With our coupons in tow, we go into the heart of the seminar, which is being held in the center of the hotel. It is a huge room full of mattresses and people. People everywhere! Not in their ordinary positions: standing, seated, or prone. Diagonal people! Upside down people! People on one leg! People kissing! People hugging! People fondling! A diagonal person lying on top of a horizontal one! It’s a maze of human limbs, and navigating them means saying “I’m sorry” every time I take a step. My hands are up by my chest in the international symbol for “Whoops! Did I just step on your face?” Finally, we sit down and look up at a stage full of people singing and dancing to a song whose only lyrics appear to be “Be happy if you want to” over and over. They bounce around, a vacant look in their eyes, and swish their perfectly toned bottoms around. Over the course of the weekend, we will see them give a presentation on the UFO embassy they are building for when our alien overlords return to Earth, lead meditations, talk about restoring clitorises of women who have been mutilated, and parade around topless (women and men) in honor of Go Topless Day. But none of that matters yet, because above all the action is the Raëlian symbol, and it stares down at us with unyielding defiance. It’s gold and glittery and printed on a thick sheet of card stock. It is a Star of David, and inside, a swastika.

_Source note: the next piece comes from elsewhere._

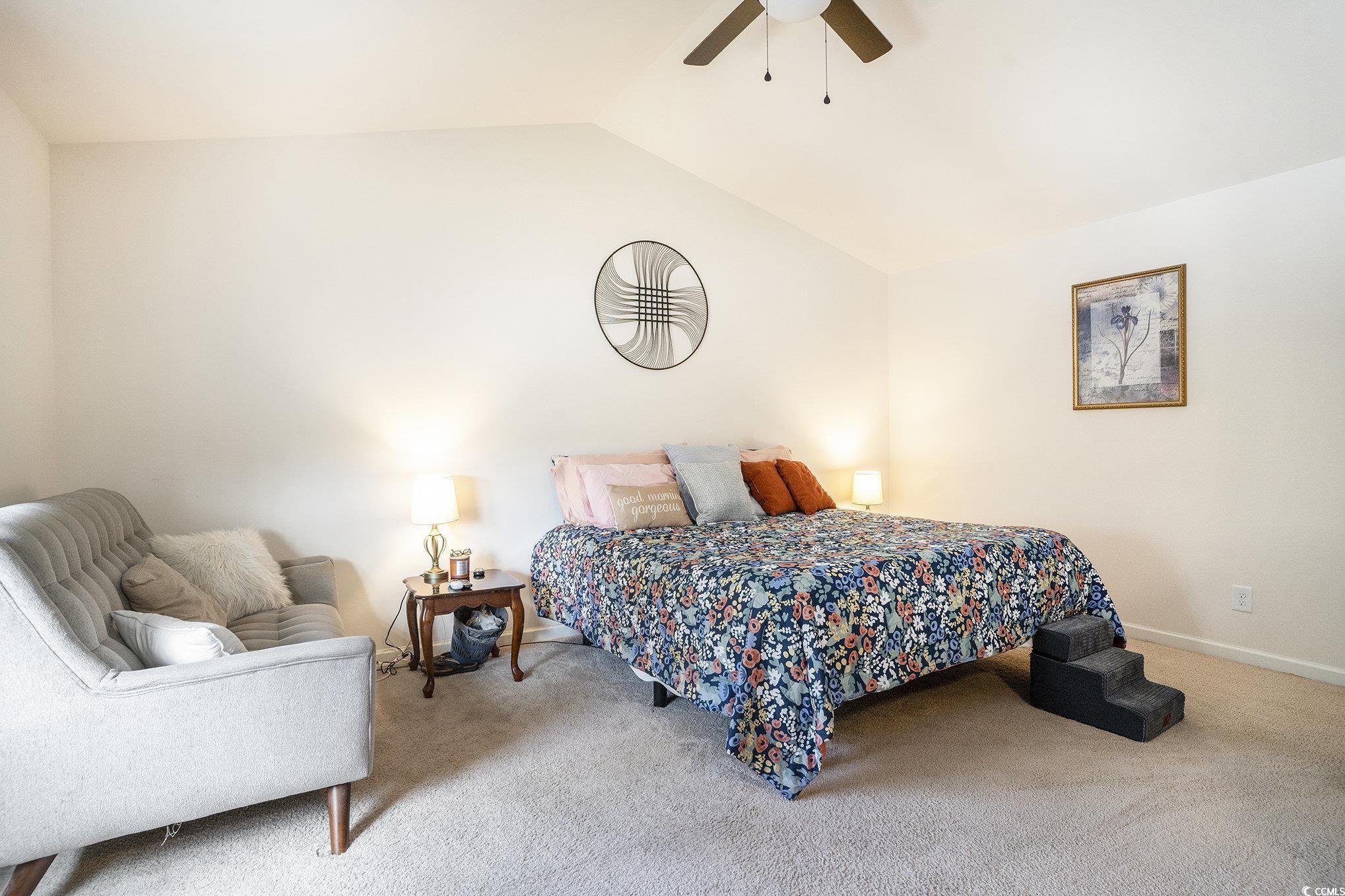 763 Trap Shooter Circle Longs, SC 29568 - Photo 16 of 37 Bedroom with carpet floors, lofted ceiling, and ceiling fan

The swastika, you see, has been a symbol of peace and good luck around the world, until it was stolen by those darn Nazis, who turned it into something else altogether. And here it was again, meaning peace, harmony, and free love: all the things the aliens taught the Raëlians. And even though we’ve known that the swastika is their thing for quite some time, something brings the symbolism sharply into focus, when it’s there on the wall behind the religious leader still talking about clitoris rejuvenation.
“Reclaim the swastika,” says a brochure on the floor in front of me.
“You know,” I think, “sometimes it’s best to just let some things go.”